> Given data
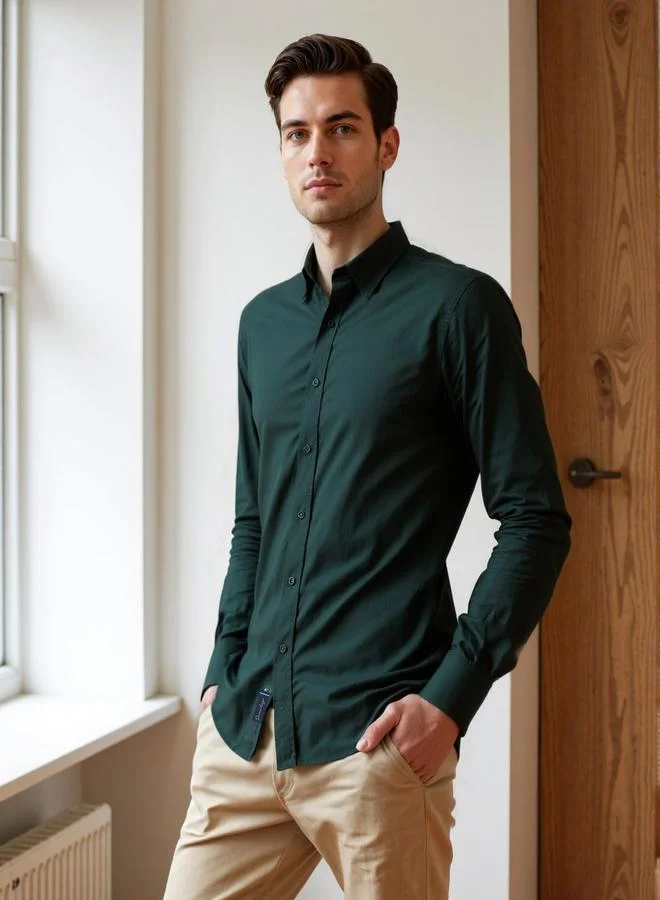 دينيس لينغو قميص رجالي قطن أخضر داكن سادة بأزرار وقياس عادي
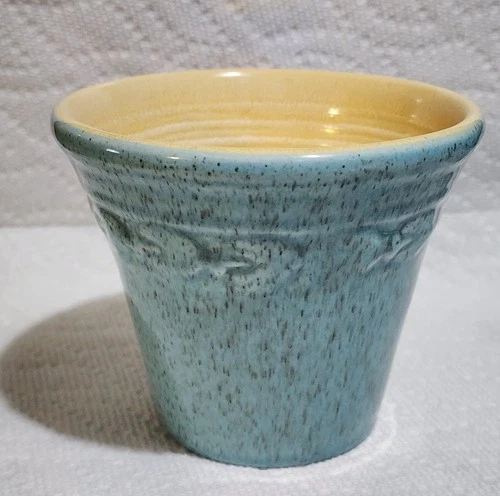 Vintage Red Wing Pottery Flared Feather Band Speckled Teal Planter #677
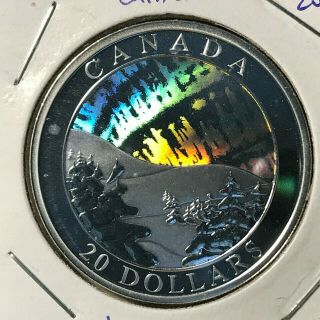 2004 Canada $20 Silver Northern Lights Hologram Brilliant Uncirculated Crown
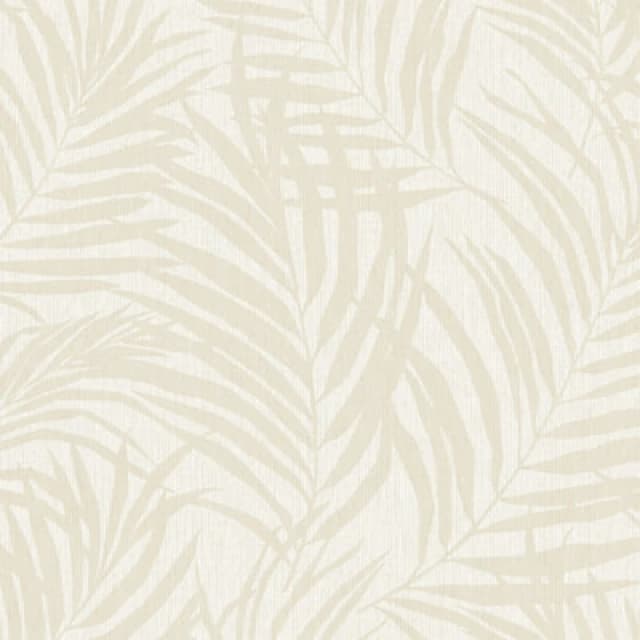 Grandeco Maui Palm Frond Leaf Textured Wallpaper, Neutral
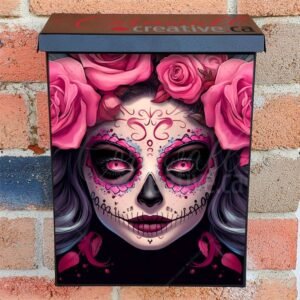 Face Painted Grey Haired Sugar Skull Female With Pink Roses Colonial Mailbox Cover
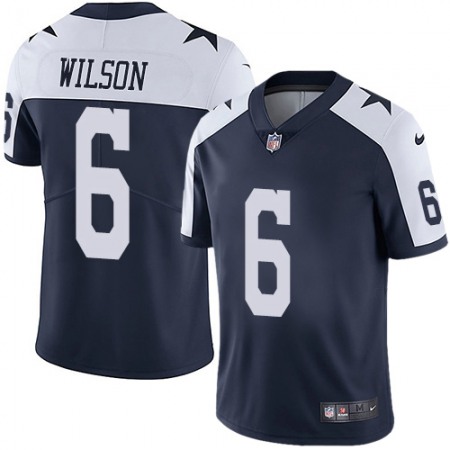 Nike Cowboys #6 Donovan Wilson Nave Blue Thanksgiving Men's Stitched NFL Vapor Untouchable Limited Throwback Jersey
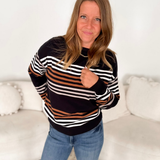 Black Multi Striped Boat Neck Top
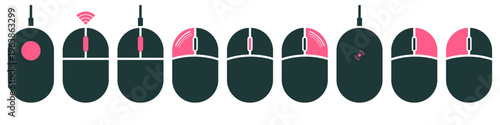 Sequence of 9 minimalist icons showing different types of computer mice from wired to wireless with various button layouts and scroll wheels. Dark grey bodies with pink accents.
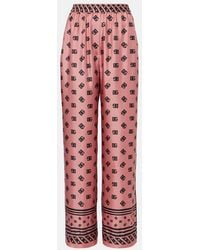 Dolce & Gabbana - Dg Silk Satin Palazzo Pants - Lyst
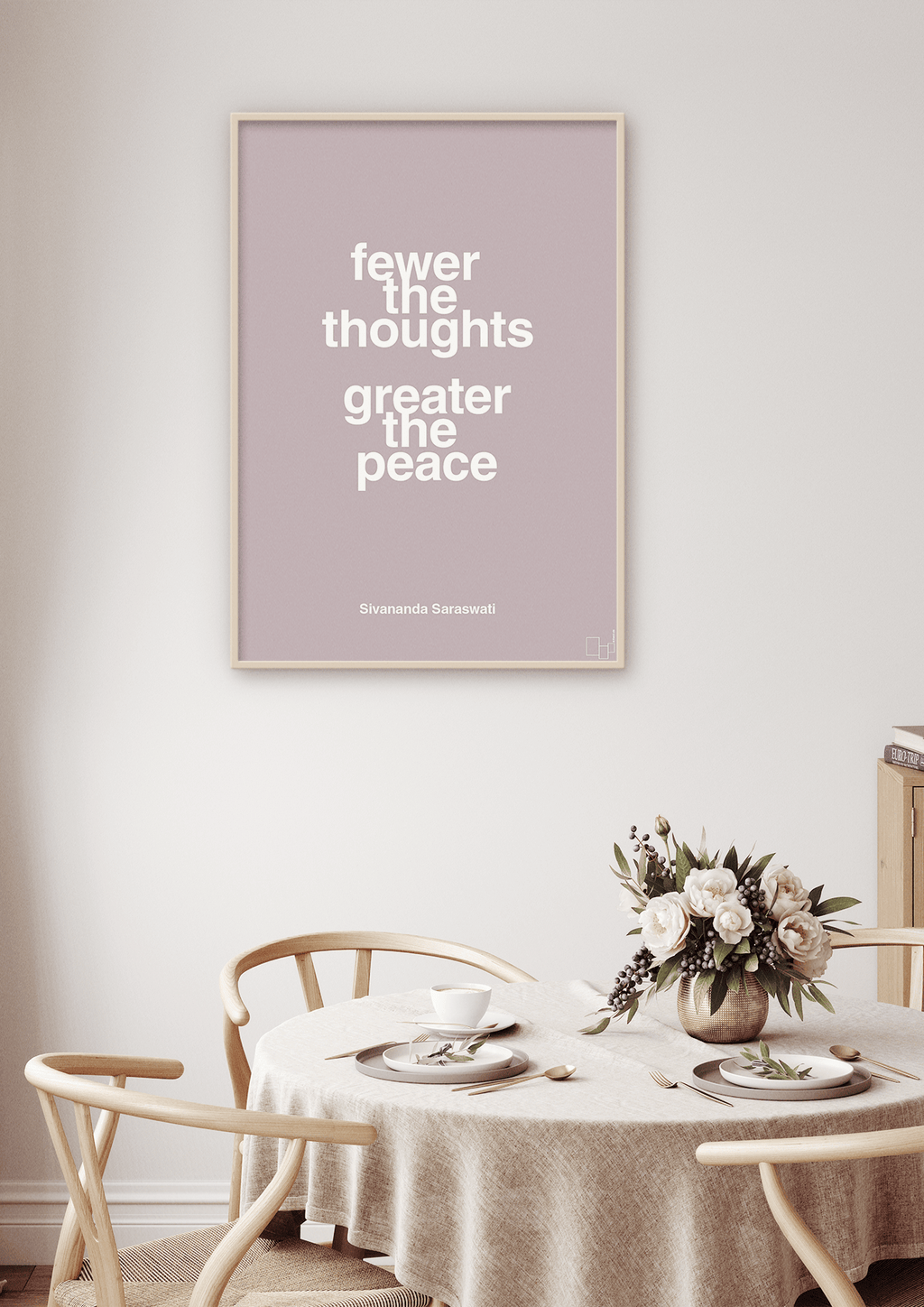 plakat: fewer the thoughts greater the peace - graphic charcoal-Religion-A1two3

---

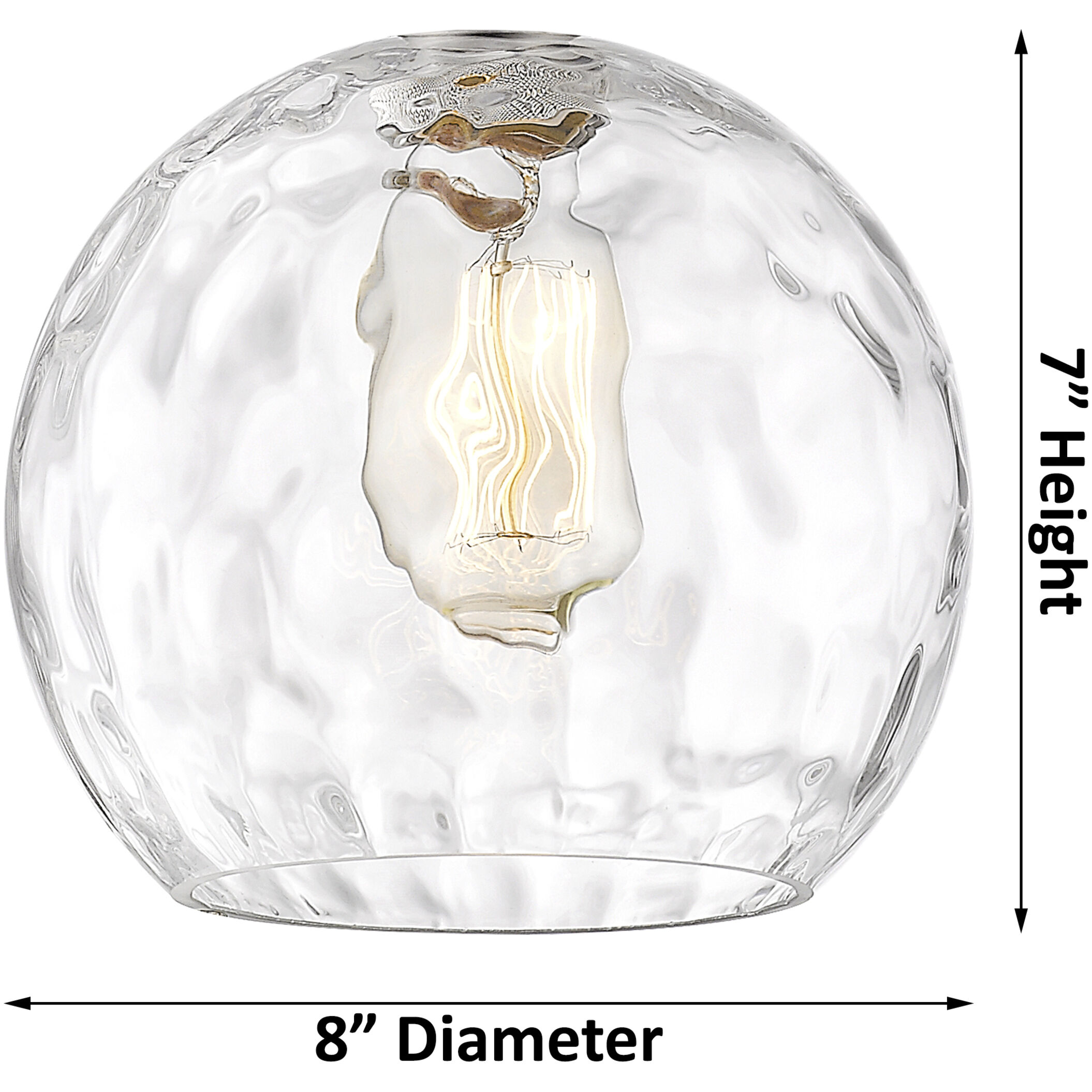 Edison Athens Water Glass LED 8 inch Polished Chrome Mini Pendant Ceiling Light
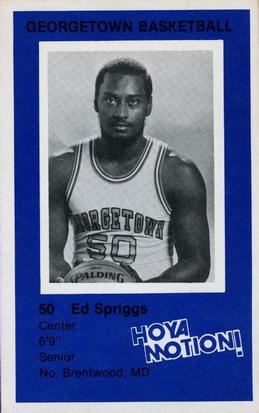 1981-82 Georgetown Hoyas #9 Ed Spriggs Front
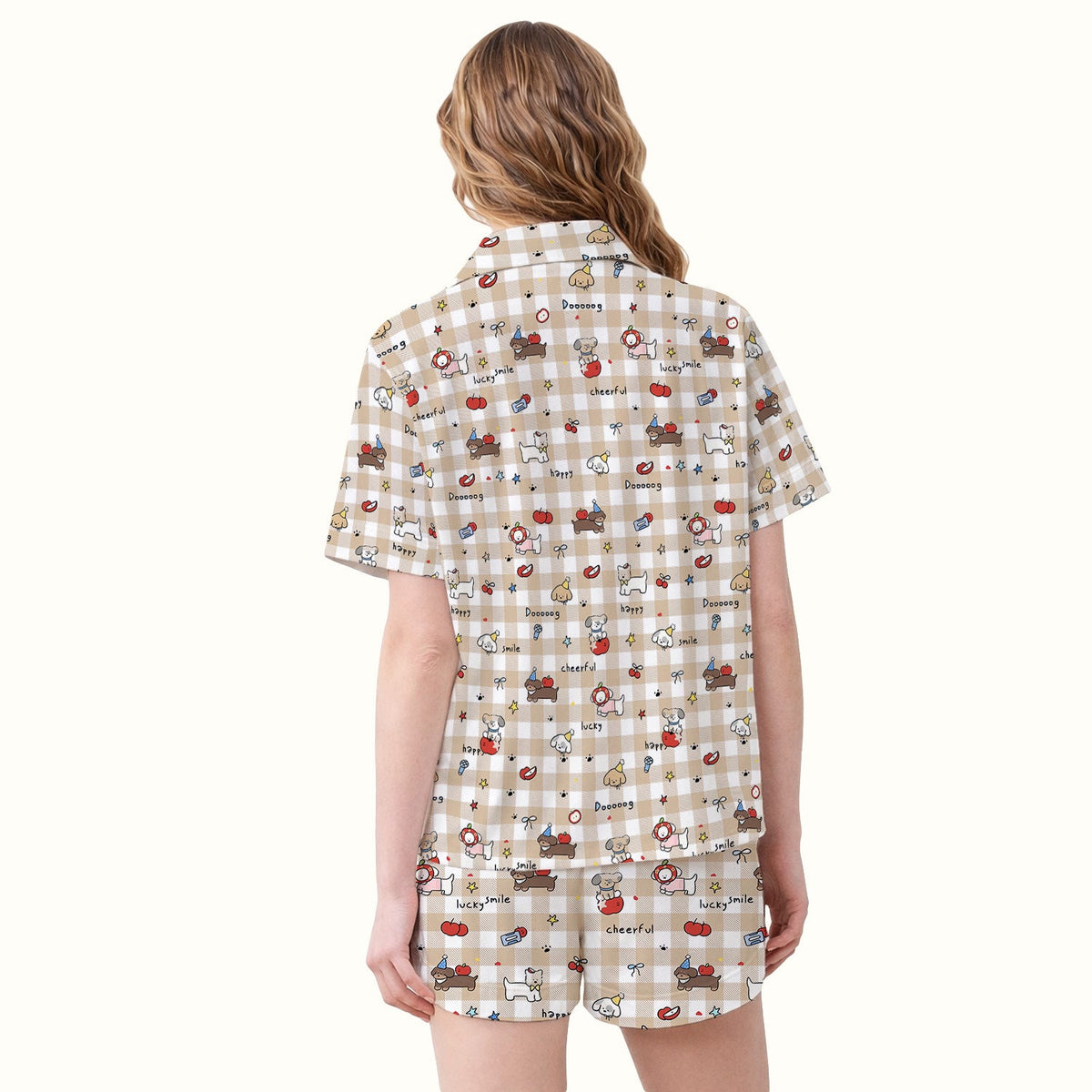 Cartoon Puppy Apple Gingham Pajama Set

> What the task asks
Output exactly the lines above that lie between the line with "دينيس لينغو قميص" and the line with "2004 Canada $20", those two lines included, and no pictures.

> Solved exercise
 دينيس لينغو قميص رجالي قطن أخضر داكن سادة بأزرار وقياس عادي
 Vintage Red Wing Pottery Flared Feather Band Speckled Teal Planter #677
 2004 Canada $20 Silver Northern Lights Hologram Brilliant Uncirculated Crown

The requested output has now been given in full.